What you will do → Print out each entry below exactly, please.

Material for this task →
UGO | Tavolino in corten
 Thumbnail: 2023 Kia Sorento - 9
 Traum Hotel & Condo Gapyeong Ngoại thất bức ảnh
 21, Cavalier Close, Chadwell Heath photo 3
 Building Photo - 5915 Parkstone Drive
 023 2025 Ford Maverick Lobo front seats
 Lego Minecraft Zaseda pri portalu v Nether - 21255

Answer section →
UGO | Tavolino in corten
 Thumbnail: 2023 Kia Sorento - 9
 Traum Hotel & Condo Gapyeong Ngoại thất bức ảnh
 21, Cavalier Close, Chadwell Heath photo 3
 Building Photo - 5915 Parkstone Drive
 023 2025 Ford Maverick Lobo front seats
 Lego Minecraft Zaseda pri portalu v Nether - 21255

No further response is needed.